Data under study →
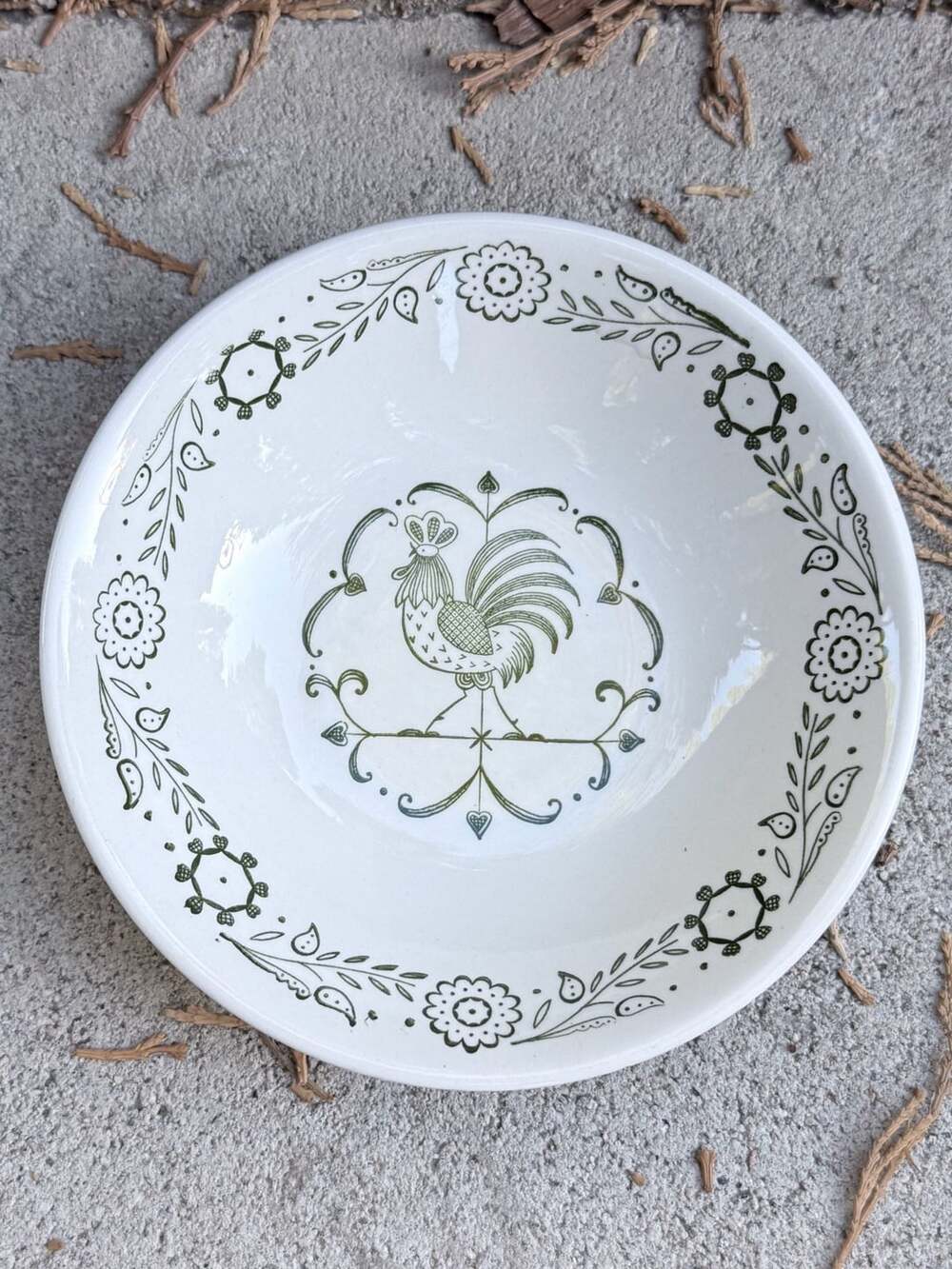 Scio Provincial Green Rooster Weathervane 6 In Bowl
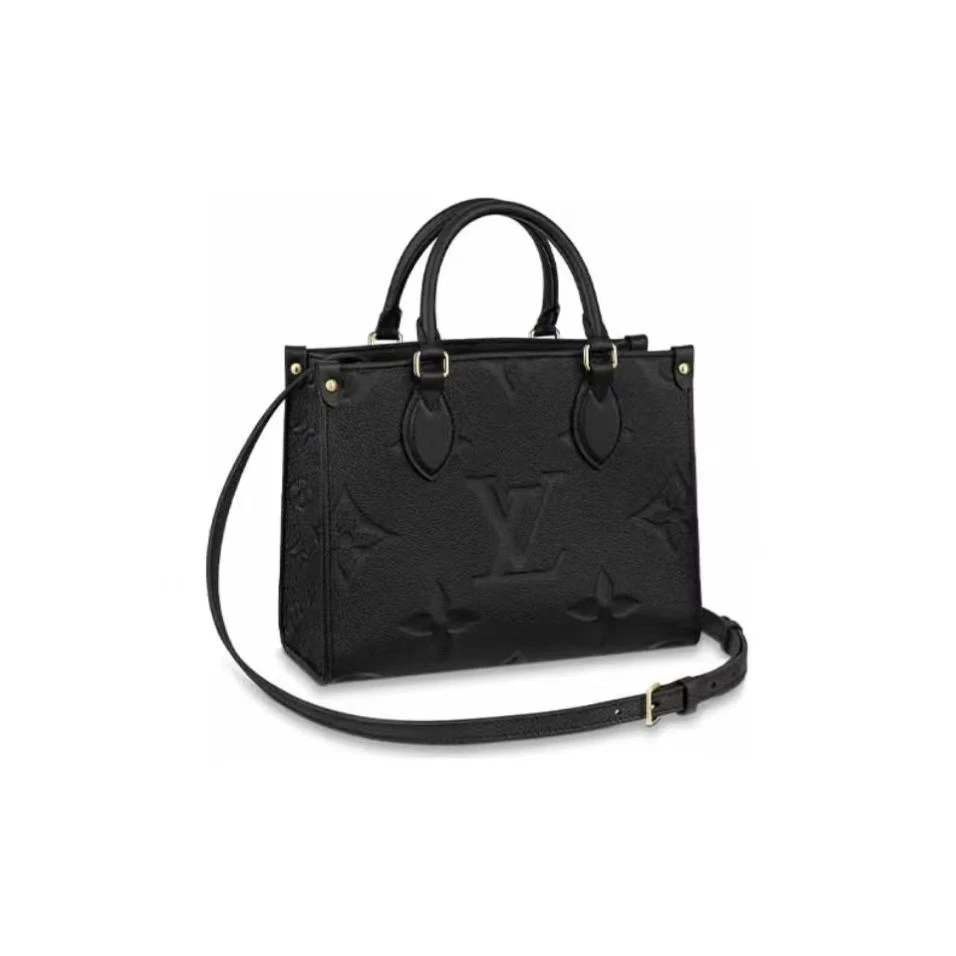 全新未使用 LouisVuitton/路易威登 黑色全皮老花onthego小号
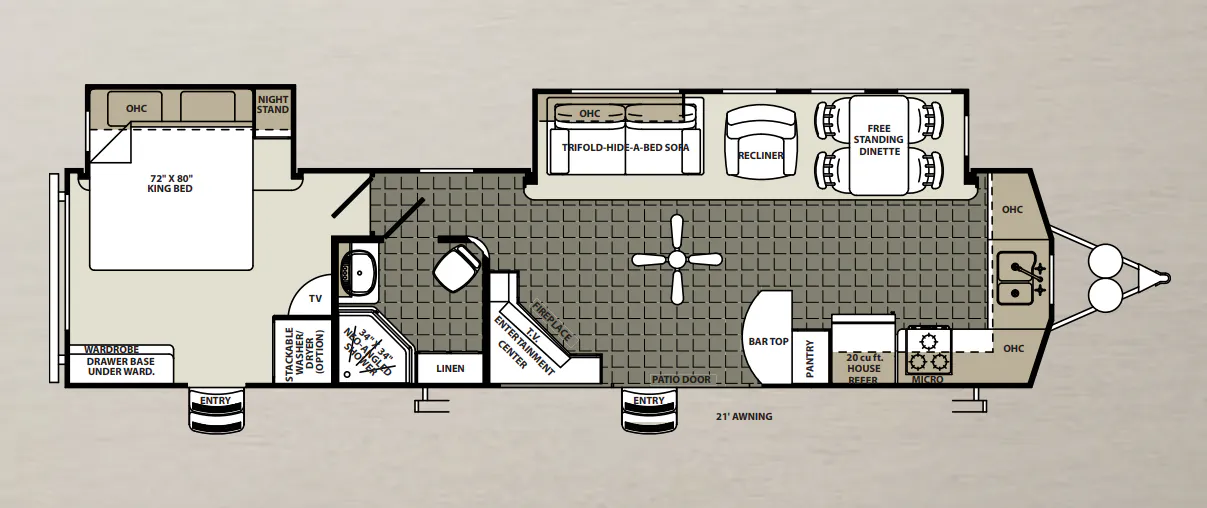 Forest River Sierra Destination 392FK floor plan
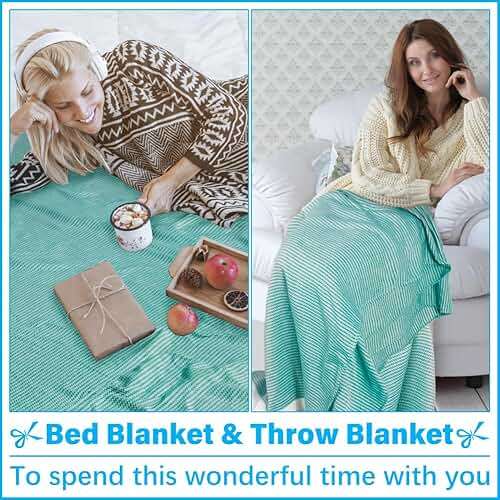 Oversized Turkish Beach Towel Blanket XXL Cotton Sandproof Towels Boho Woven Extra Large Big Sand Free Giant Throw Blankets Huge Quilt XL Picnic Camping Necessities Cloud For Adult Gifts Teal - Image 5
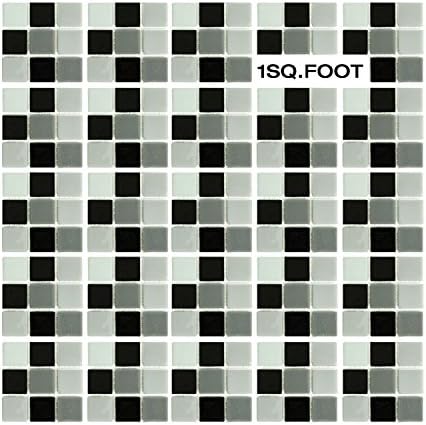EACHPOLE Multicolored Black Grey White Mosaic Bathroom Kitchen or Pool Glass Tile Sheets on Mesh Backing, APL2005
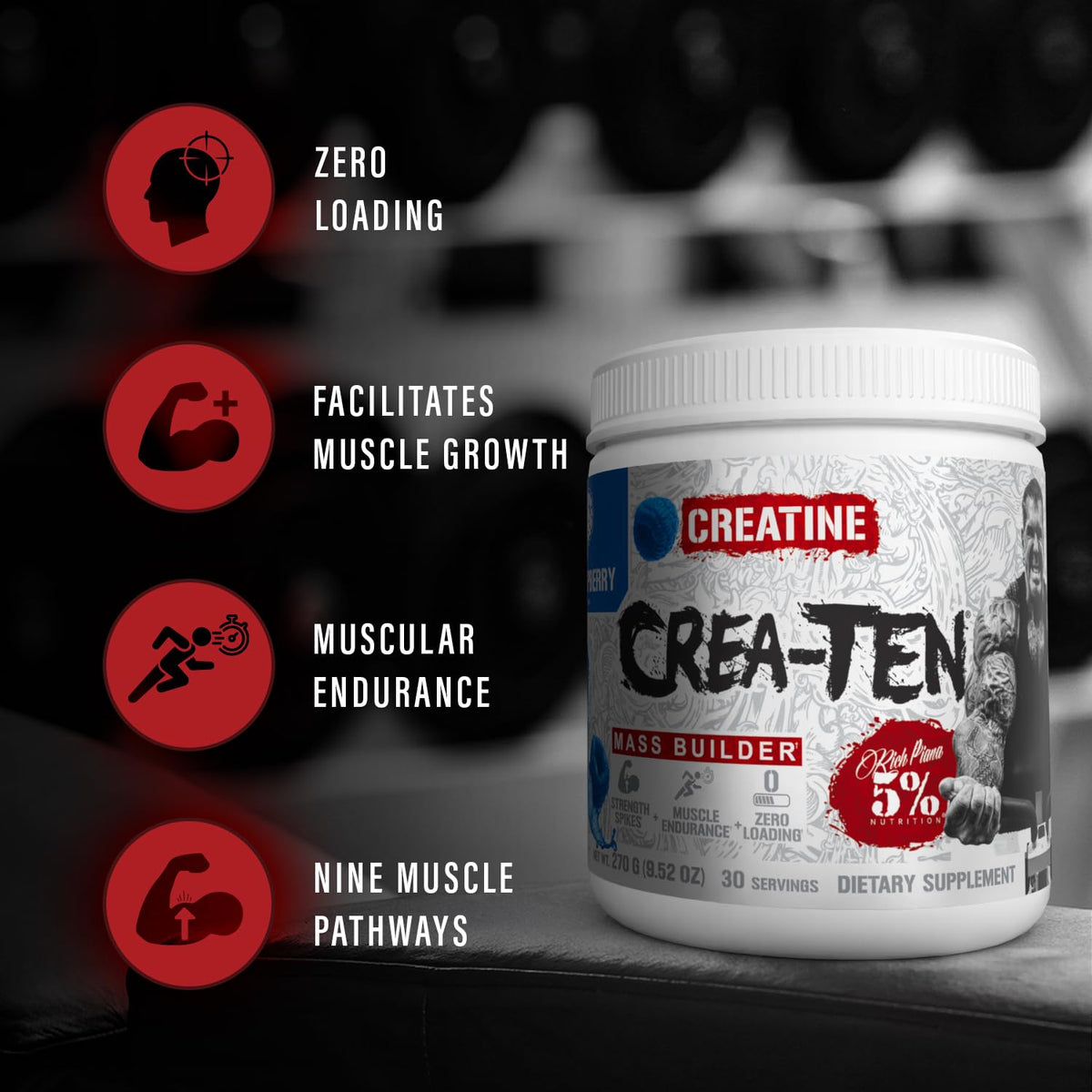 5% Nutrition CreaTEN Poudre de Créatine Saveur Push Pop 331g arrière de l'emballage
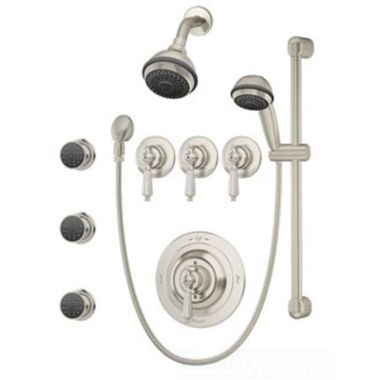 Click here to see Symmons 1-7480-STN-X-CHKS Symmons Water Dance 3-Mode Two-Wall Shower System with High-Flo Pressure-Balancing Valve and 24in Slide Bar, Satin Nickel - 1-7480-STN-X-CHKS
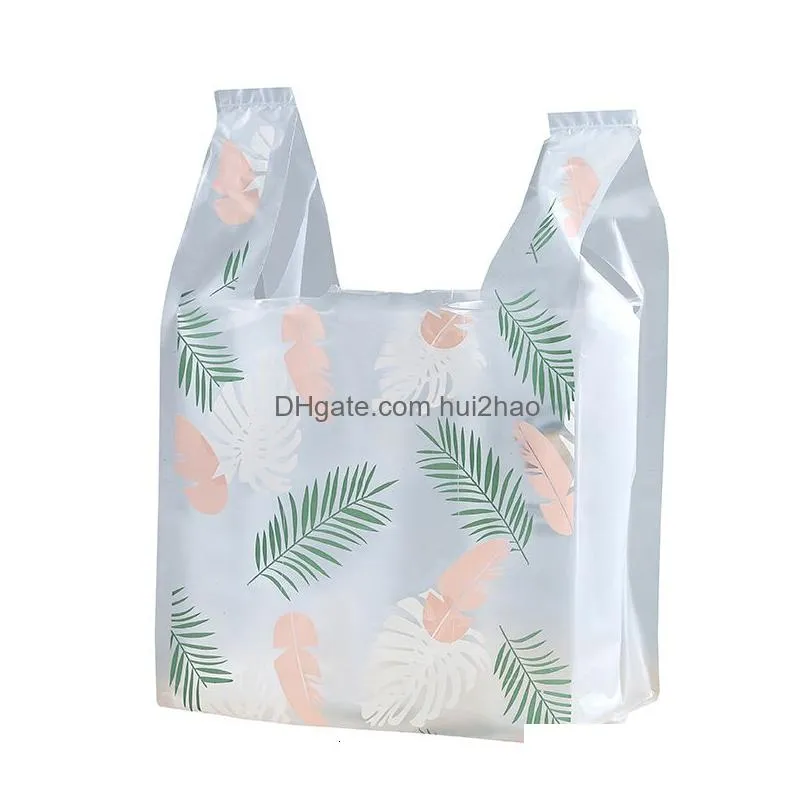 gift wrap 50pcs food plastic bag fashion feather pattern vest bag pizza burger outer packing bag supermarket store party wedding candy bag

Your instructions → Output every line of the records above unchanged, and keep the pictures out.

Exercise result →
 Scio Provincial Green Rooster Weathervane 6 In Bowl
 全新未使用 LouisVuitton/路易威登 黑色全皮老花onthego小号
 Forest River Sierra Destination 392FK floor plan
 Oversized Turkish Beach Towel Blanket XXL Cotton Sandproof Towels Boho Woven Extra Large Big Sand Free Giant Throw Blankets Huge Quilt XL Picnic Camping Necessities Cloud For Adult Gifts Teal - Image 5
EACHPOLE Multicolored Black Grey White Mosaic Bathroom Kitchen or Pool Glass Tile Sheets on Mesh Backing, APL2005
 5% Nutrition CreaTEN Poudre de Créatine Saveur Push Pop 331g arrière de l'emballage
 Click here to see Symmons 1-7480-STN-X-CHKS Symmons Water Dance 3-Mode Two-Wall Shower System with High-Flo Pressure-Balancing Valve and 24in Slide Bar, Satin Nickel - 1-7480-STN-X-CHKS
 gift wrap 50pcs food plastic bag fashion feather pattern vest bag pizza burger outer packing bag supermarket store party wedding candy bag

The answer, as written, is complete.